### EXERCISE DIRECTIONS
From the material below, copy exactly the lines beginning with the one that contains "Bamboo skull vintage brass bracelet" and ending with the one that contains "Rose Gold Happy"; the pictures stay out.

### MATERIAL FOR THIS EXERCISE
■ ■ ■ ■

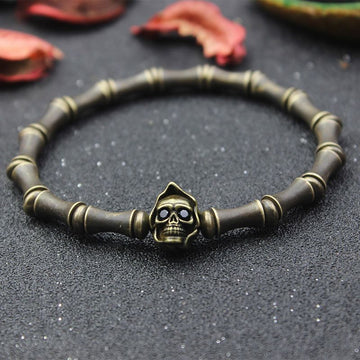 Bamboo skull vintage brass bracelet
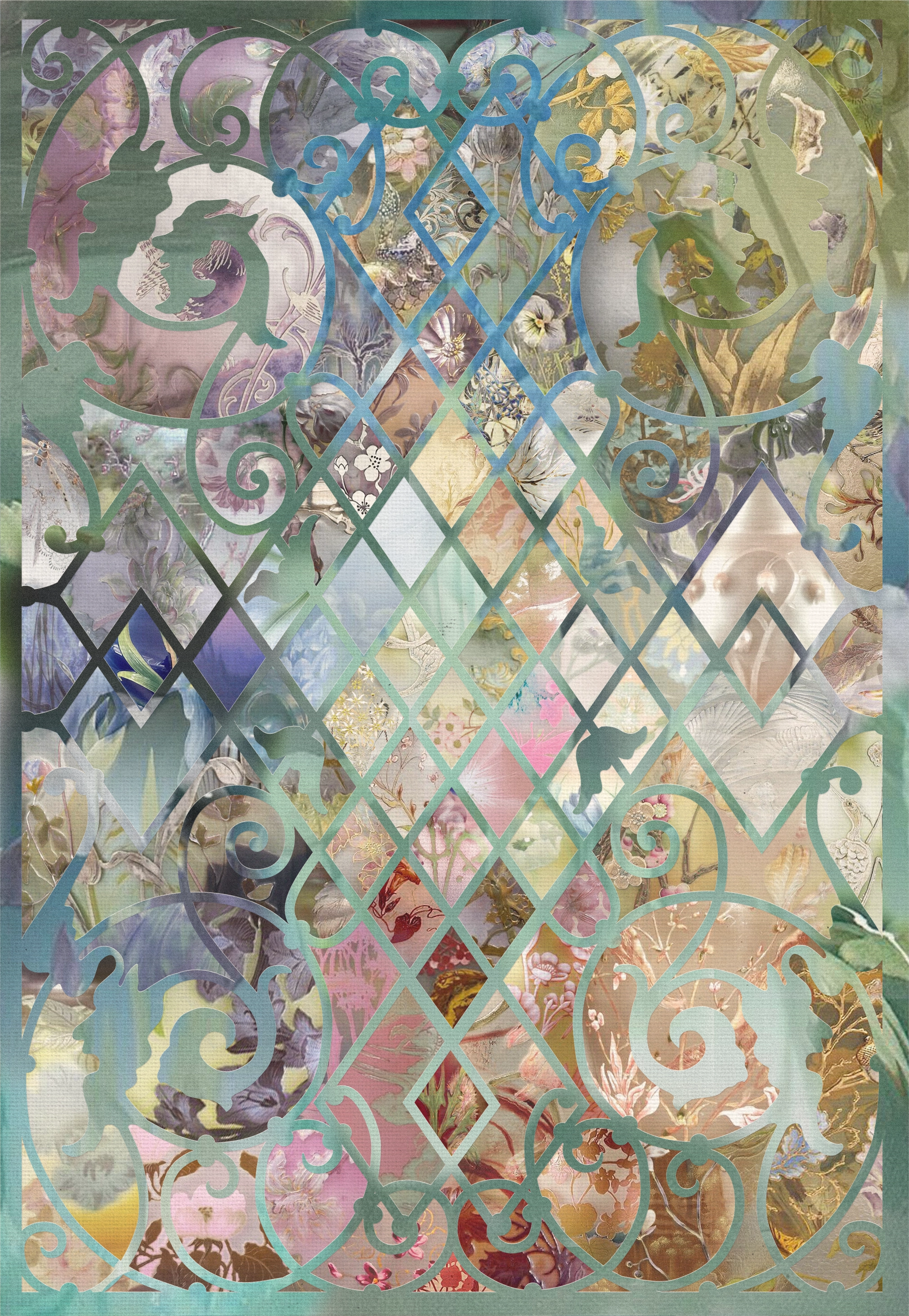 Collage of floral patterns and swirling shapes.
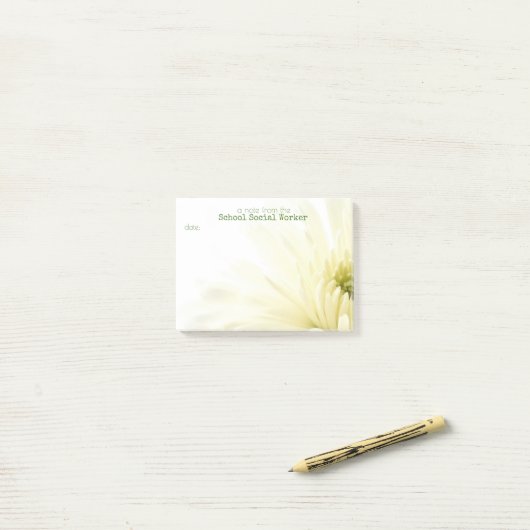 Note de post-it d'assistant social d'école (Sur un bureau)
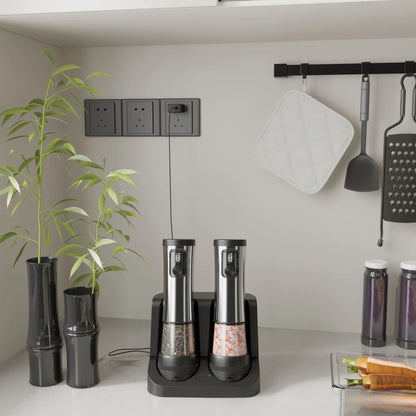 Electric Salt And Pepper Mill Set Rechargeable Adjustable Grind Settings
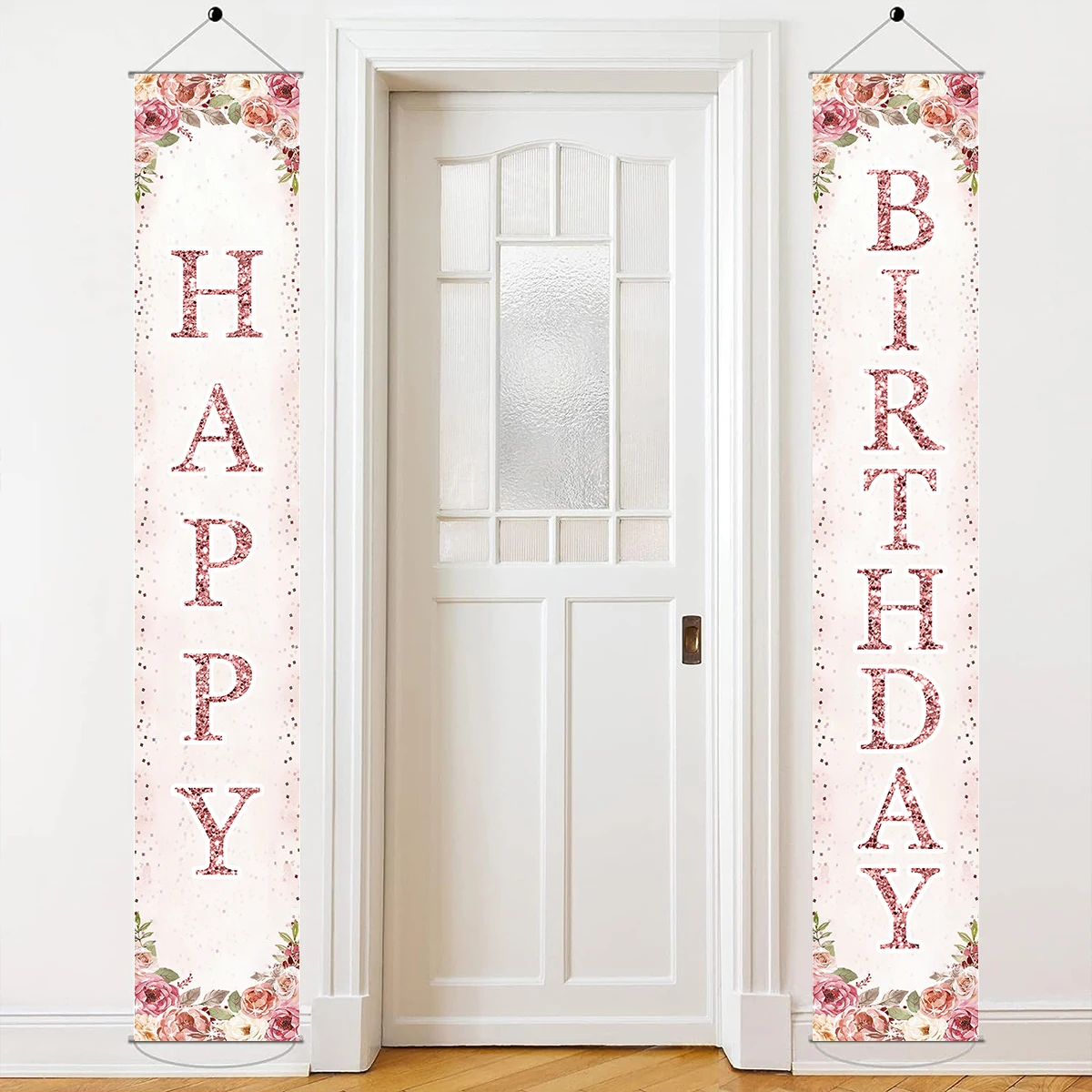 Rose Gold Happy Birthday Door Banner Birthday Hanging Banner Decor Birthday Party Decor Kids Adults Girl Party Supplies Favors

■ ■ ■ ■

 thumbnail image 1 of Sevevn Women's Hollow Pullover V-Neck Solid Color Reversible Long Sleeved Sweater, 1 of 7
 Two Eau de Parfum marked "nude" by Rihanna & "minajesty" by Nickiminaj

■ ■ ■ ■

### OUTPUT BELOW
 Bamboo skull vintage brass bracelet
 Collage of floral patterns and swirling shapes.
 Note de post-it d'assistant social d'école (Sur un bureau)
 Electric Salt And Pepper Mill Set Rechargeable Adjustable Grind Settings
 Rose Gold Happy Birthday Door Banner Birthday Hanging Banner Decor Birthday Party Decor Kids Adults Girl Party Supplies Favors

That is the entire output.